▶ [Short text fragments from websites]
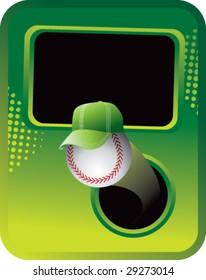 baseball with hat on halftone background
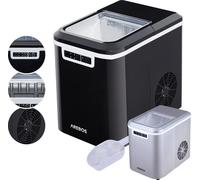AREBOS Machine à glaçons, Ice Cube Maker, 12 kg / 24 h, temps de production 10-15 minutes, 2 tailles de glaçons, réservoir d'eau 2,2 litres, machine à glaçons, silencieuse, fonction autonettoyante, no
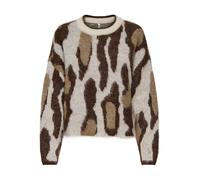 ONLY Pull-over 'ONLEDELIE' crème / camel / brun foncé, Taille XS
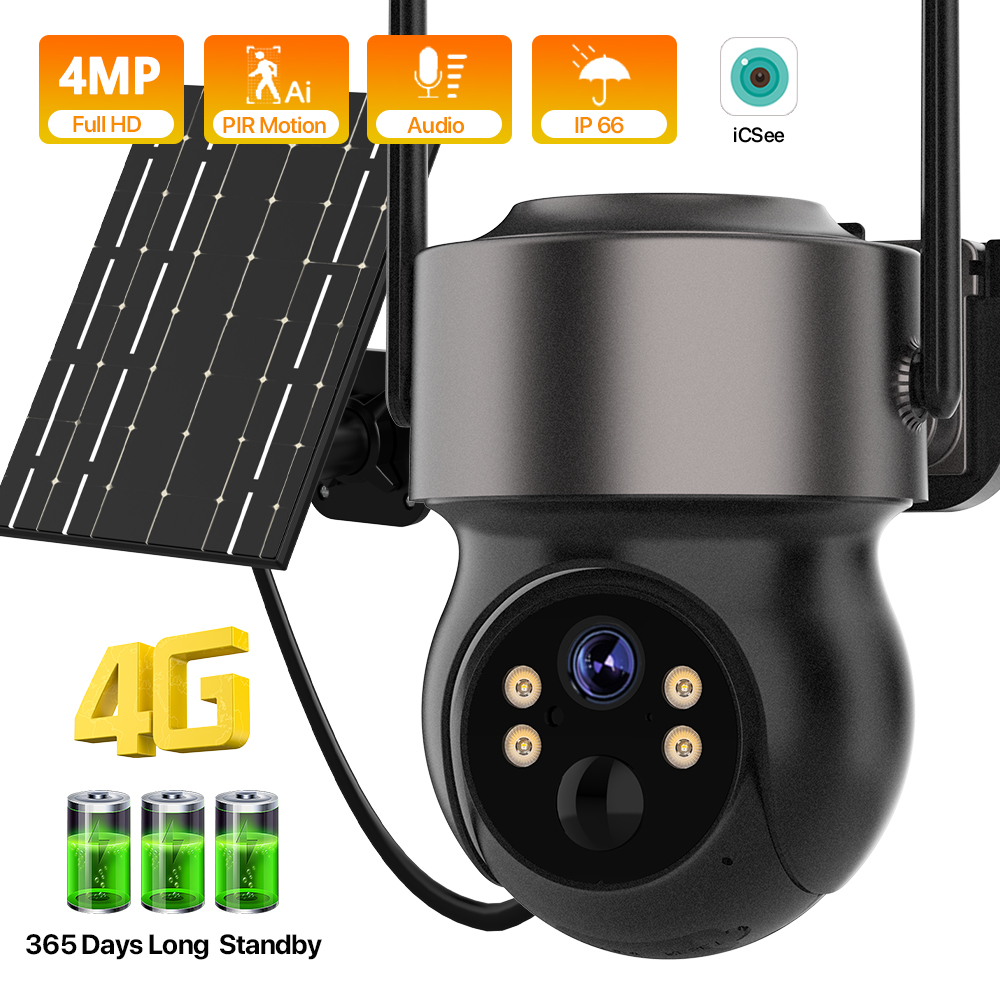 Smart Home Cctv - 4MP 4G SIM Zonne-energie op batterijen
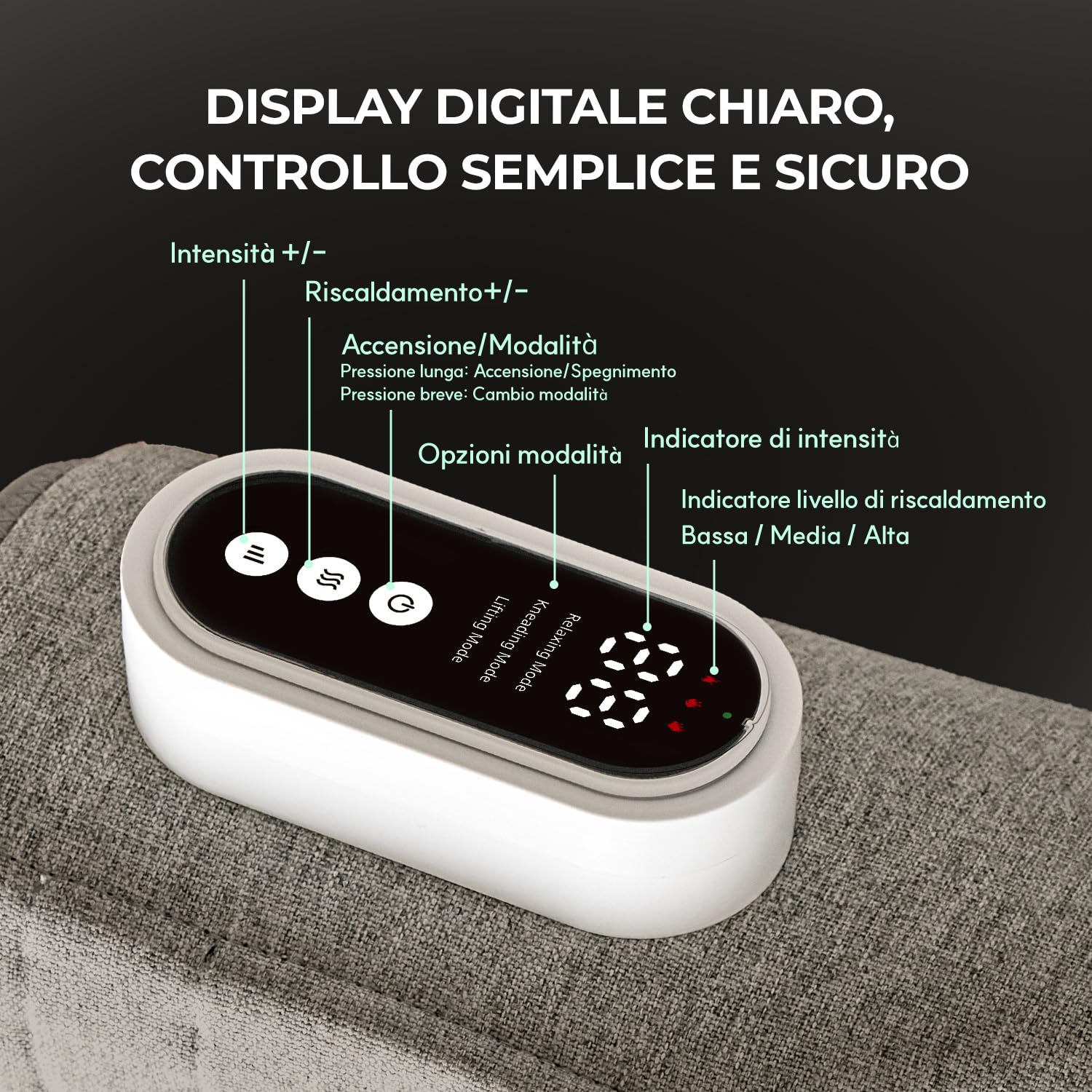 HubiCare - Massaggiatore per gambe con compressione dell'aria e calore, 3 livelli di intensità, ricaricabile USB-C, silenzioso, massaggiatore per polpacci per rilassamento e circolazione sanguigna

▶ [Activity]
Repeat only the lines from the one with "Smart Home Cctv" through the end of the data, both included and exactly as written. Pictures stay out of the copy.

▶ [Task output]
 Smart Home Cctv - 4MP 4G SIM Zonne-energie op batterijen
 HubiCare - Massaggiatore per gambe con compressione dell'aria e calore, 3 livelli di intensità, ricaricabile USB-C, silenzioso, massaggiatore per polpacci per rilassamento e circolazione sanguigna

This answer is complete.